As you have been able to tell, I have been absent in writing to you the past couple of weeks. My attention has been focused on some basic elements of starting the new church including many decisions and moving into the new office. Although I am without excuse, those are my excuses.
Starting a church has many dimensions that require sincere prayer and careful, thoughtful considerations. Many churches are started with a core group of experienced Christian leadership. Our new church does not have that to date. Because I am very careful not to be “recruiting” leadership from the other churches in the area it will be necessary to function with a interim board that may serve for an extended period of time as the church develops it’s leadership.
From a pastor’s perspective there are also many questions of what role and how much authority is put into place. There are the questions of whether the church should be congregational run, Elder run or a Board with Pastoral chairman with right to final approval or veto. I have always pastored congregational run churches but I also recognize that many of the fastest growing churches in the country are not congregational run and have some other form of operation with strong pastoral authority.

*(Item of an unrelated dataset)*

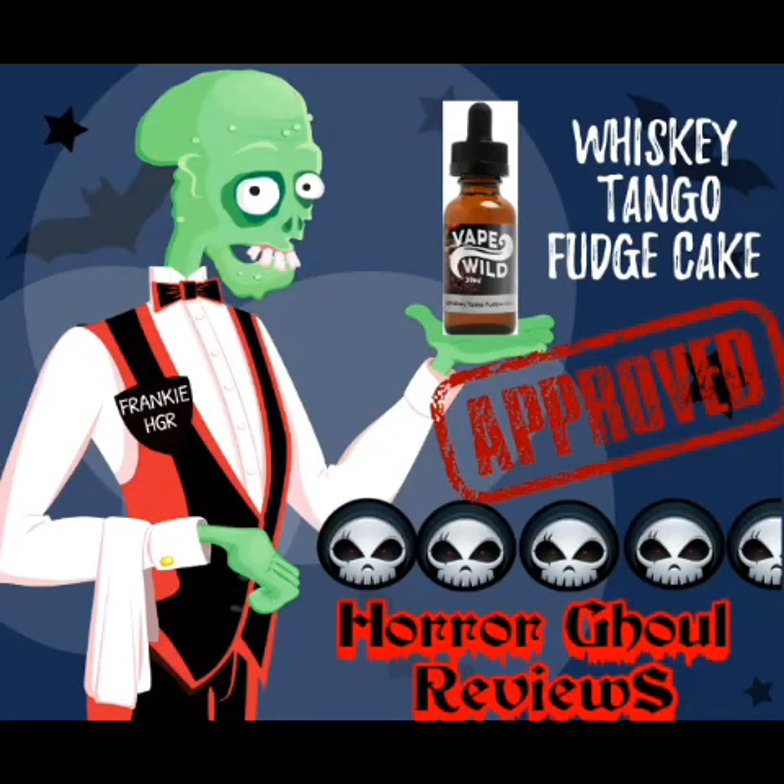He doesn't bite unless you want him to. Today we are reviewing Whiskey Tango Fudge Cake from Vape Wild. It gets four and a half Reapers, so it is approved. On the inhale you get that smooth whiskey taste, and on the exhale you get that fudgy chocolate cake. It is so yummy, and with that 65-35 blend you're getting great cloud production.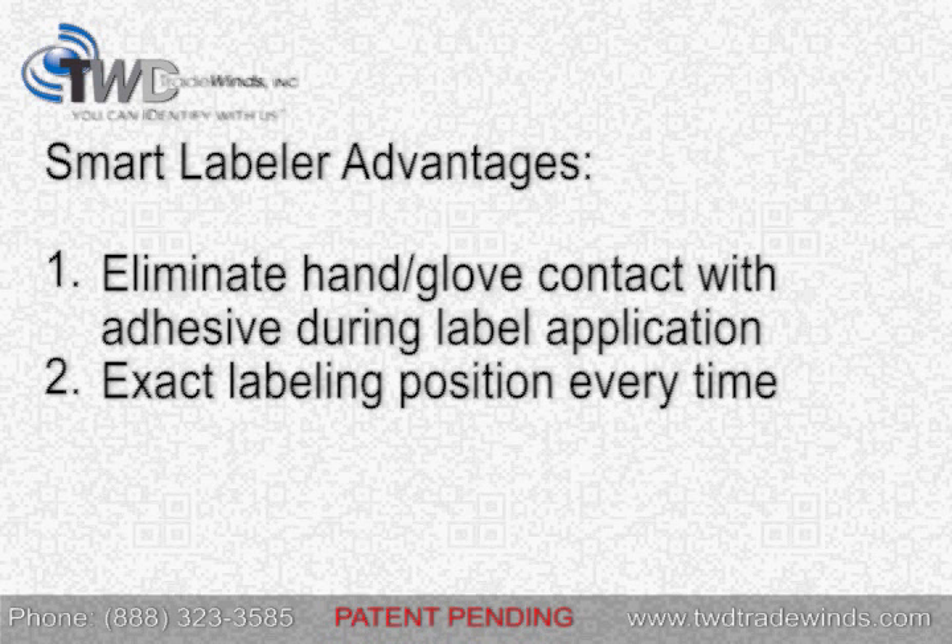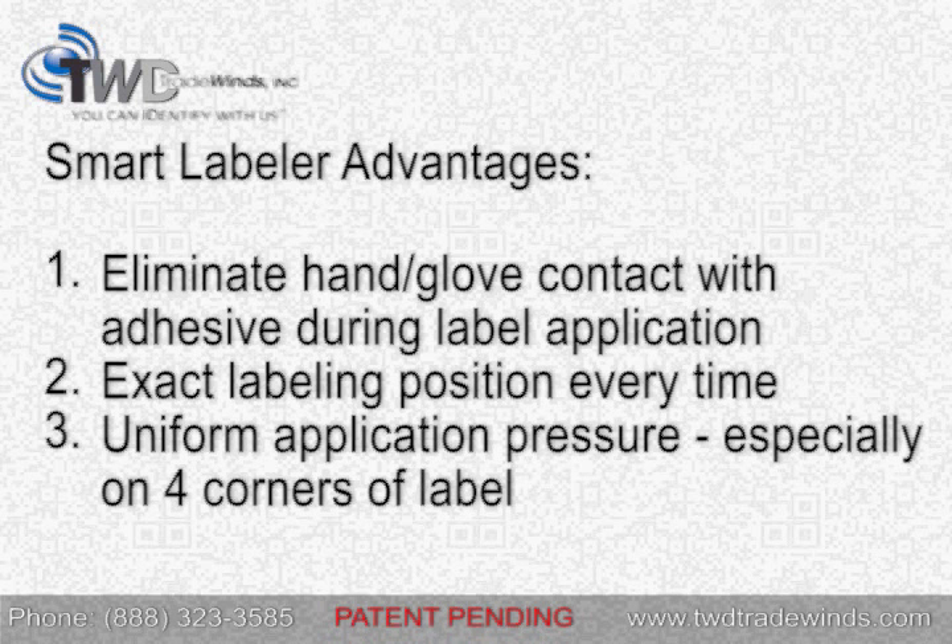Second, it retains the exact label placement position every time. Third, the machine applies the label with uniform pressure, especially on the four corners of the label. This helps to prevent labels from peeling away from the labware over time.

The positive part of taking a stronger pastoral role is that you can make some basic purchases as needed. So, if the computer blows up you just go out and purchase another that day instead of waiting perhaps weeks for a board, committee or congregational meeting. One time in a congregational run church I was consulting with, their computer went out and it took them about six weeks to go through the procedure of purchasing another. This is not acceptable.
The negative side of a stronger pastoral role is that many pastors accept no direction from the leadership in their churches, often causing abuse to the church and setting themselves up for moral or ethical failure. Someplace in the middle of this there has to be a place of acceptable operation.
I also recognize that I will retire or die some day and the church will have to go on without me as the pastor. Therefore, I must design the churches mode of operation to be long term viable carrying on for generations with great leadership from within the congregation. And if we set it up with too much pastoral authority we may set up the pastor who follows me for failure.
This week I am asking a number of pastors that I know how they see the best mode of church government and operation, how they would set it up if they were starting a new church from scratch. If you have any thoughts I would be interested in hearing from you.
Have a great week serving the King of kings and the Lord or lords!